I cannot express how happy I am to have gotten this game to review. I have played every Myst game there is by the Cyan team, back in the day when I still had computers to run them. I am even more satisfied that they have brought this to console. I would have been severely depressed had it been exclusive to PC. If you doubt my obsession with the Myst series, perhaps this will change you mind...


And now I am once again thrust into a Cyan world. Watch my initial gameplay of Obduction, which I kept short as I don't want to give too much away.


As with the Myst series, you start in an unknown world, with no idea how you got there or why. You just appear in the world and start to walk around and explore it. Unlike the Myst games though, you encounter human and earthly things. A park with barbeque facilities, a huge lake, conifer trees, until you encounter a strange sentient life form that transports you somewhere else.

You appear to be in an alien world, with floating rocks, but there is a small human settlement trapped within a large dome you cannot escape at first. Mysteries abound everywhere as you investigate every nook and cranny to discover who the settlement belongs to and what has happened to them. 

From notes and objects lying around, you learn about what has happened on this planet, which just intrigues you further as to where everyone is. And as the game progresses you realize that you may just be caught in the middle of something dangerous.



You play in classic first person mode, though never really see your hands or body. When you start, there is no indication of the controls and you have to work your way through them. As usual, everything you encounter in the game is vital. From sounds, to color, to mechanics, to forlorn scrap.... 

I love that interaction with objects are easier than any Myst game. You have a white cursor before when you inspect objects where your character can comment on its usefulness. When a white dot appears in the centre of that circle, you can either handle the object or pick it up for further inspection.
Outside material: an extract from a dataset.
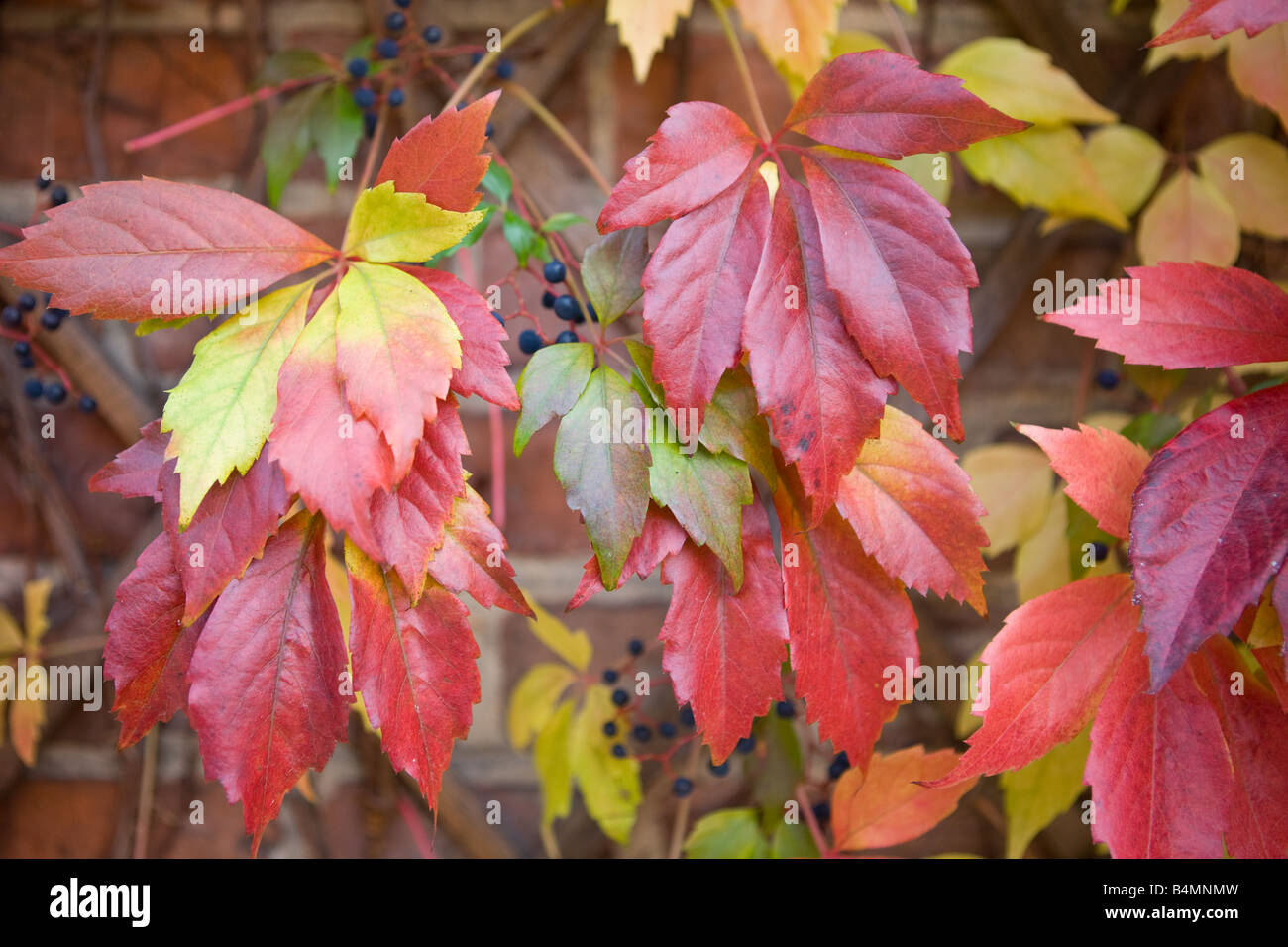 wine leafs in fall colors Stock Photo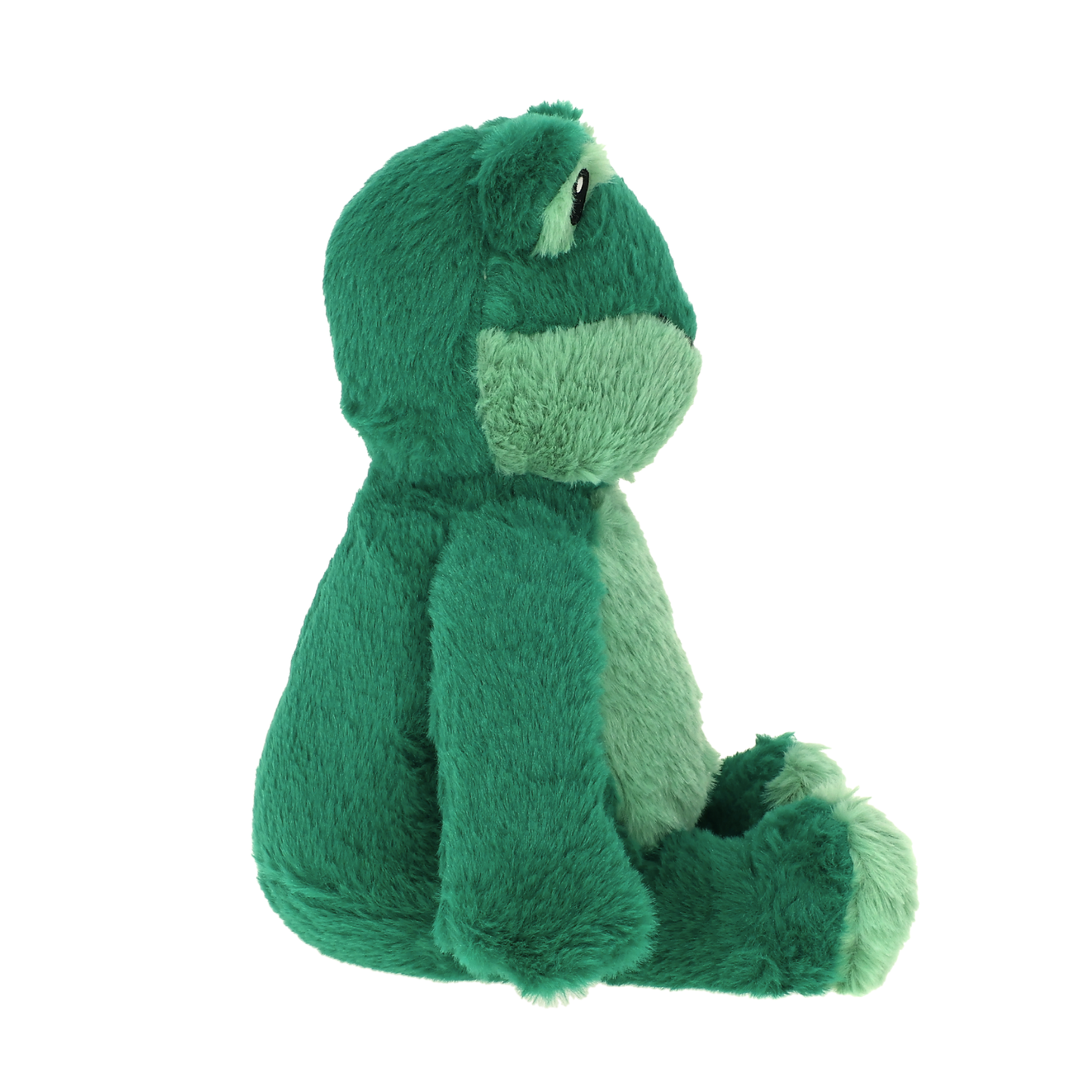 Freddy Frog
Levers, mechanisms and locked doors are all back again, bringing some well-deserved nostalgia. 

You travel between different alien worlds, but sadly the Linking Books are gone. There is live action motion pictures of the real actors brought into the game's environment as with Myst. And of course the puzzles are so detailed that you travel throughout each sector of the worlds until you have uncovered them all before you can begin to solve them.

The most vital element that was retained is one that us screenwriters call Foreshadowing. This means something that happens or is discovered that hints to something that is to come. Every moment that you walk through the worlds of Obduction, foreshadowing is everywhere. You know that lever is going to come in handy later... you know that home's address might be used in a secret combination soon... you know the color arrangements and animals sounds are important for some event later. Obduction does this marvelously again, and I applaud the minds in Cyan for delivering another masterpiece performance.



There was a slight moment, a stammer in my breath, a hiccup in the beginning where I thought "Oh no....". I remembered the old PC Myst games, how immaculate the imagery looked on high end Pentiums of the time. Walking through the starting area, I looked at the conifer twigs and leaves, and it was slightly, very slightly, smudgy. 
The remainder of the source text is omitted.